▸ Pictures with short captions
*-*-*
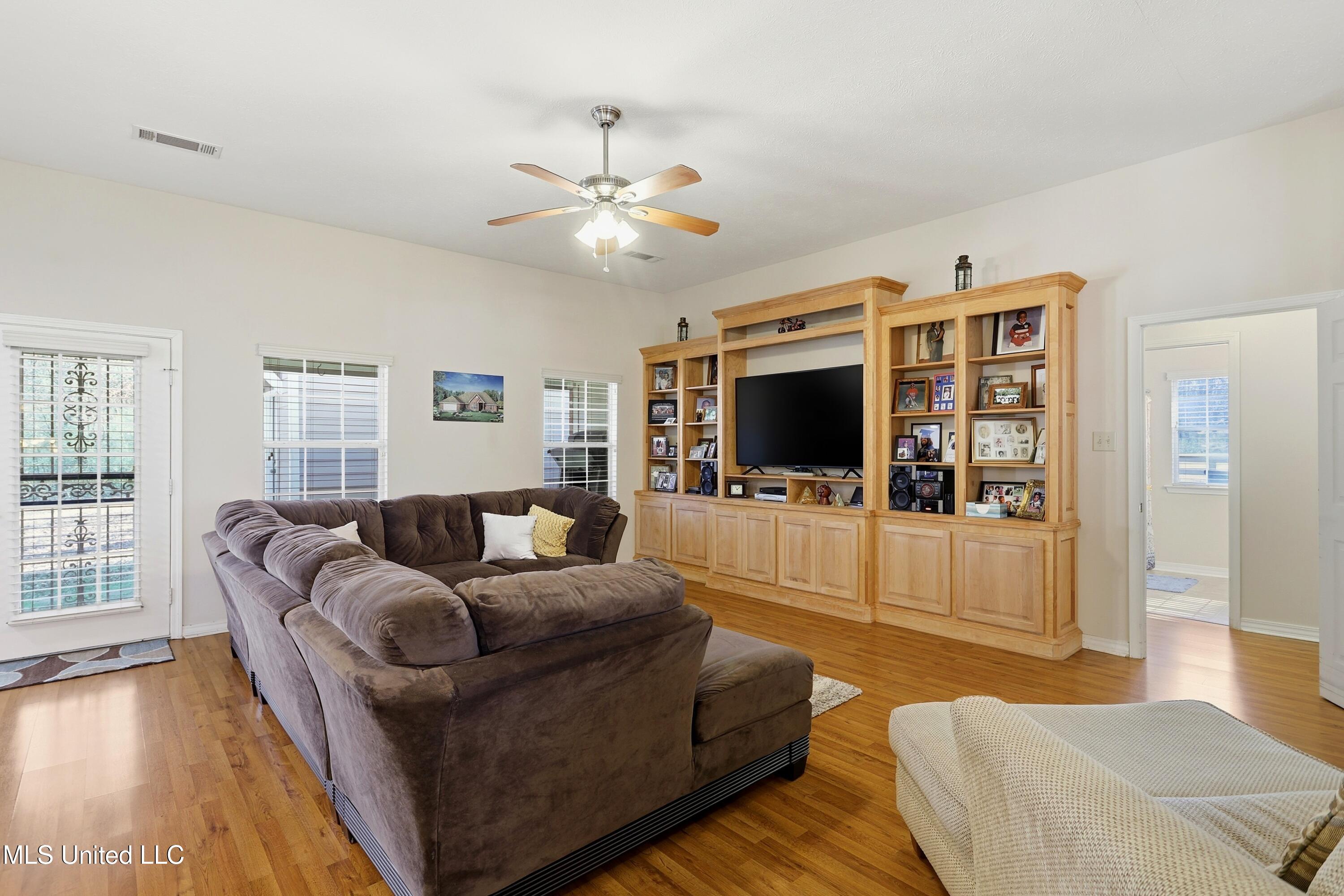 3945 Country Club Drive Jackson, MS 39213 - Photo 7 of 45 07-3945 Country Club Dr _ Home Tours MS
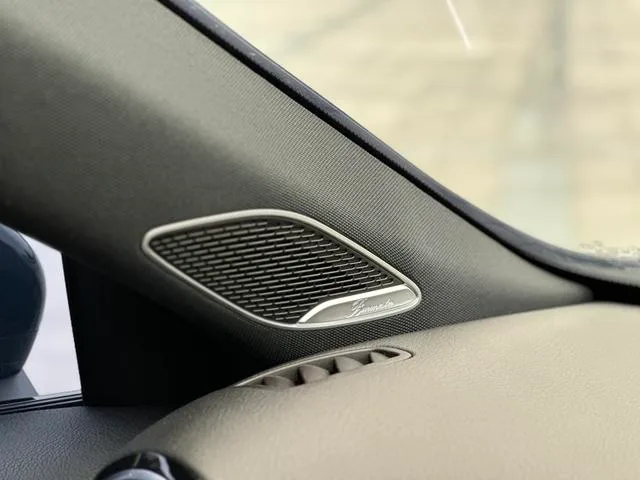 Mercedes-Benz Mercedes-AMG A-Class 2024 AMG A 45 S 4MATIC intérieur photo 17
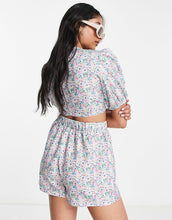 Load image into Gallery viewer, Beach Short Co-Ord In Floral Ditsy Print
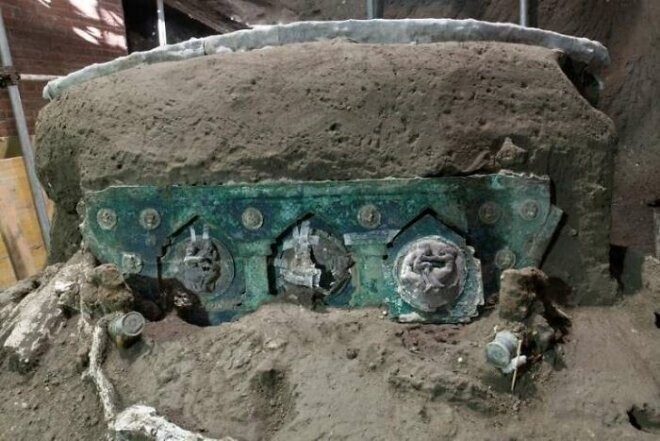 Римская колесница, обнаруженная «почти неповрежденной» недалеко от Помпеи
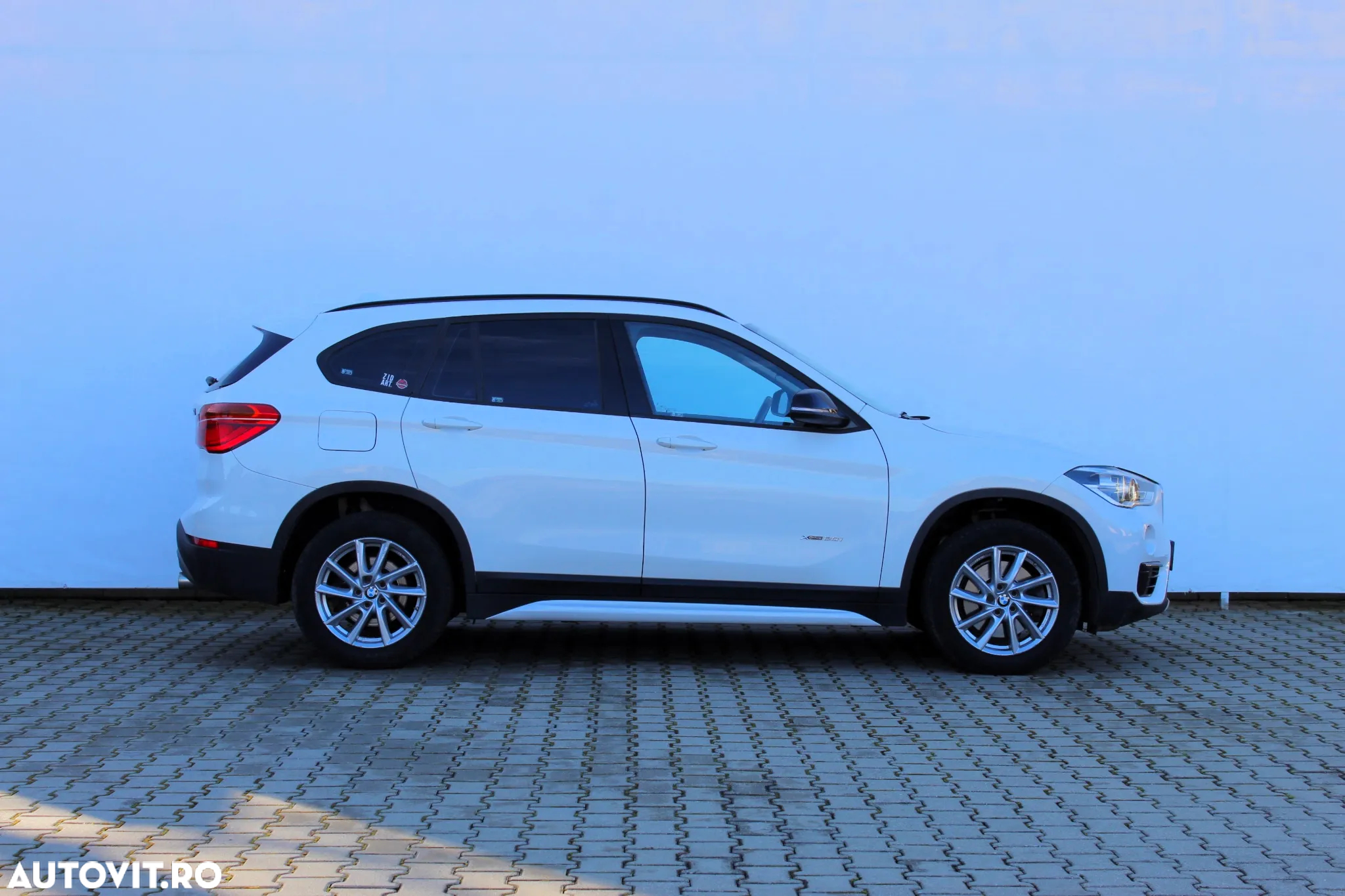 BMW X1 xDrive20i AT Sport Line - 6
*-*-*
▸ THE PROBLEM
Reproduce only the lines from the beginning of the data through the line that contains "Load image into", both included, and please drop the pictures.

▸ ANSWER TO THIS EXERCISE
 3945 Country Club Drive Jackson, MS 39213 - Photo 7 of 45 07-3945 Country Club Dr _ Home Tours MS
 Mercedes-Benz Mercedes-AMG A-Class 2024 AMG A 45 S 4MATIC intérieur photo 17
 Load image into Gallery viewer, Beach Short Co-Ord In Floral Ditsy Print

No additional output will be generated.